Structure of the repository
Scraping 01-YT-map
Three probes gather Youtube recommendation data, using headless web-browser Selenium. The data are written to a Neo4j graph database (see _data).
ripple.py
attempts to map all recommendations for n levels
digger.py
logs all recommendations but only follows one random link
simple_digger.py
only follows one random link
Visualisation 02-YT-viz
Attempts to visualise data from the graph using tools such as:
- Neo4j browser
- Python: matplotlib, networkx, datashader
- Mermaid.js
- Gephi
Traces 03-YT-traces
Focused visualisations of single paths through Youtube, showing details of each video such as title, author, and views. These are shown as static images of short traces, and animations of much longer ones.
Installation
Database
Most of this project works with a Neo4j graph database (Community Edition 3.5.1). To install see their manual.
If you do not want to install Neo4j, try the web visualisation in the Traces section which only stores data in .csv files.
Python
The Conda environment provided: BBCTV_env.yml
was used for early experiments with various software and is therefore bloated with unused packages. I then moved to Pipenv after failing to replicate the Conda env on a new machine. Pipfile is much leaner but may be missing some packages depending on which scripts you are trying to run.

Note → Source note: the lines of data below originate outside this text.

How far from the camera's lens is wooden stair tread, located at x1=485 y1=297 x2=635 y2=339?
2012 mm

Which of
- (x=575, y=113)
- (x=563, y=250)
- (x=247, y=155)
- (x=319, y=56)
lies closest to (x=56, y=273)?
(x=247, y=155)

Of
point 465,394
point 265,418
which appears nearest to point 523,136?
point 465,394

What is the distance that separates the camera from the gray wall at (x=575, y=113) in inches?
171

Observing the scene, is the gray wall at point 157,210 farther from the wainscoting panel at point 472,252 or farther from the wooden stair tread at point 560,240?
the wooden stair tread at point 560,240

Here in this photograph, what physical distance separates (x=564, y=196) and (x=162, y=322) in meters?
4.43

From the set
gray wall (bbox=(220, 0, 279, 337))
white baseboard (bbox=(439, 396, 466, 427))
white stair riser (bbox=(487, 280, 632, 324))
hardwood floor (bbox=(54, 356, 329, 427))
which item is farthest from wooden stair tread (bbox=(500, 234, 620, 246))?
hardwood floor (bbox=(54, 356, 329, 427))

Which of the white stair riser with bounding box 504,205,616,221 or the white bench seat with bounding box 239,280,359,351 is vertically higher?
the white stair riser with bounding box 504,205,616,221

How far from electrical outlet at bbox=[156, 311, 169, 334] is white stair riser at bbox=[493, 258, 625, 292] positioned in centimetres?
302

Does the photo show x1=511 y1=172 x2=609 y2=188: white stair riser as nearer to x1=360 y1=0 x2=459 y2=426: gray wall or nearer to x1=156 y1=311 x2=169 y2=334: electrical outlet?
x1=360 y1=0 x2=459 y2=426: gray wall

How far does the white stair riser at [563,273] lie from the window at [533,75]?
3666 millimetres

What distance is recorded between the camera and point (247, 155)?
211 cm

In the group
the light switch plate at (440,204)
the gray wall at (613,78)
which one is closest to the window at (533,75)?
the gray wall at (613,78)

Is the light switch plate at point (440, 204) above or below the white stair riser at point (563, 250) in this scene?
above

To install using Pipenv run the following from the repository root:
pipenv install
adding --dev
to also install an iPython kernel
Most of the Python code is the result of explorations using the Hydrogen package for Atom. This accounts for some of the spaghetti coding style and for the # %%
markers that separate notebook cells. The code should still run in other IDEs or from the command line.
Data
Please see the data directory for instructions on how to load the graph database in Neo4j.